Copy out the listing beneath, missing nothing.

▼

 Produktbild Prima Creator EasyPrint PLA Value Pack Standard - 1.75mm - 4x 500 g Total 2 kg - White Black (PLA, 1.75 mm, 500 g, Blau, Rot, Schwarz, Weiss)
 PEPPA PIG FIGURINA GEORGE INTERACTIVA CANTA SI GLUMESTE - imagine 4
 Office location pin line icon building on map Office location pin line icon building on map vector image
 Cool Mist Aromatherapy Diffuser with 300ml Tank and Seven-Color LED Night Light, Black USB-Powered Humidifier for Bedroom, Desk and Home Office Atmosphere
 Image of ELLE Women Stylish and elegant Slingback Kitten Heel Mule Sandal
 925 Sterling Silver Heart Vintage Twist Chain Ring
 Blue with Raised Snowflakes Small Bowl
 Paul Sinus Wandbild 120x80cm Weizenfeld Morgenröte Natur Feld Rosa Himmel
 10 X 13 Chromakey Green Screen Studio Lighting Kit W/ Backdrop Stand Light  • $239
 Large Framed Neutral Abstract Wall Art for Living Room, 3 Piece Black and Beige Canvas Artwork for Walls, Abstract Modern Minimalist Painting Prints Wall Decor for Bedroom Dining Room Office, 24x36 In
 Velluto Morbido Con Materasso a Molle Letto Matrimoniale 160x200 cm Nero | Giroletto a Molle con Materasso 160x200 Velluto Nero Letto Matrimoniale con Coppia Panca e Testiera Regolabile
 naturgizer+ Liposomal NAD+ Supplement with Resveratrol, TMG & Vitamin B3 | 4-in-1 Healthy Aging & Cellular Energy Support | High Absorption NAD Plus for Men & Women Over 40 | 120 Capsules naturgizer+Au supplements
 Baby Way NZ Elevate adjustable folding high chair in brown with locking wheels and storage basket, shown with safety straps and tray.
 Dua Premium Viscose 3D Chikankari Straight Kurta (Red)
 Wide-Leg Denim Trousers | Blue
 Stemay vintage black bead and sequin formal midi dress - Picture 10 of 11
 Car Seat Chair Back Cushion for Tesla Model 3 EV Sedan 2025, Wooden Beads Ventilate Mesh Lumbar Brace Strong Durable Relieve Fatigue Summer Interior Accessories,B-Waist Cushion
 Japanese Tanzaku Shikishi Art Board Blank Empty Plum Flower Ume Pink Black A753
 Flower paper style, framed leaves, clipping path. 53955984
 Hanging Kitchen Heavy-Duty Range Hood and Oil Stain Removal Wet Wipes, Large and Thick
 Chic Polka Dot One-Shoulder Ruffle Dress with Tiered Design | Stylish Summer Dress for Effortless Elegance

▲

→ Answer space
 Produktbild Prima Creator EasyPrint PLA Value Pack Standard - 1.75mm - 4x 500 g Total 2 kg - White Black (PLA, 1.75 mm, 500 g, Blau, Rot, Schwarz, Weiss)
 PEPPA PIG FIGURINA GEORGE INTERACTIVA CANTA SI GLUMESTE - imagine 4
 Office location pin line icon building on map Office location pin line icon building on map vector image
 Cool Mist Aromatherapy Diffuser with 300ml Tank and Seven-Color LED Night Light, Black USB-Powered Humidifier for Bedroom, Desk and Home Office Atmosphere
 Image of ELLE Women Stylish and elegant Slingback Kitten Heel Mule Sandal
 925 Sterling Silver Heart Vintage Twist Chain Ring
 Blue with Raised Snowflakes Small Bowl
 Paul Sinus Wandbild 120x80cm Weizenfeld Morgenröte Natur Feld Rosa Himmel
 10 X 13 Chromakey Green Screen Studio Lighting Kit W/ Backdrop Stand Light  • $239
 Large Framed Neutral Abstract Wall Art for Living Room, 3 Piece Black and Beige Canvas Artwork for Walls, Abstract Modern Minimalist Painting Prints Wall Decor for Bedroom Dining Room Office, 24x36 In
 Velluto Morbido Con Materasso a Molle Letto Matrimoniale 160x200 cm Nero | Giroletto a Molle con Materasso 160x200 Velluto Nero Letto Matrimoniale con Coppia Panca e Testiera Regolabile
 naturgizer+ Liposomal NAD+ Supplement with Resveratrol, TMG & Vitamin B3 | 4-in-1 Healthy Aging & Cellular Energy Support | High Absorption NAD Plus for Men & Women Over 40 | 120 Capsules naturgizer+Au supplements
 Baby Way NZ Elevate adjustable folding high chair in brown with locking wheels and storage basket, shown with safety straps and tray.
 Dua Premium Viscose 3D Chikankari Straight Kurta (Red)
 Wide-Leg Denim Trousers | Blue
 Stemay vintage black bead and sequin formal midi dress - Picture 10 of 11
 Car Seat Chair Back Cushion for Tesla Model 3 EV Sedan 2025, Wooden Beads Ventilate Mesh Lumbar Brace Strong Durable Relieve Fatigue Summer Interior Accessories,B-Waist Cushion
 Japanese Tanzaku Shikishi Art Board Blank Empty Plum Flower Ume Pink Black A753
 Flower paper style, framed leaves, clipping path. 53955984
 Hanging Kitchen Heavy-Duty Range Hood and Oil Stain Removal Wet Wipes, Large and Thick
 Chic Polka Dot One-Shoulder Ruffle Dress with Tiered Design | Stylish Summer Dress for Effortless Elegance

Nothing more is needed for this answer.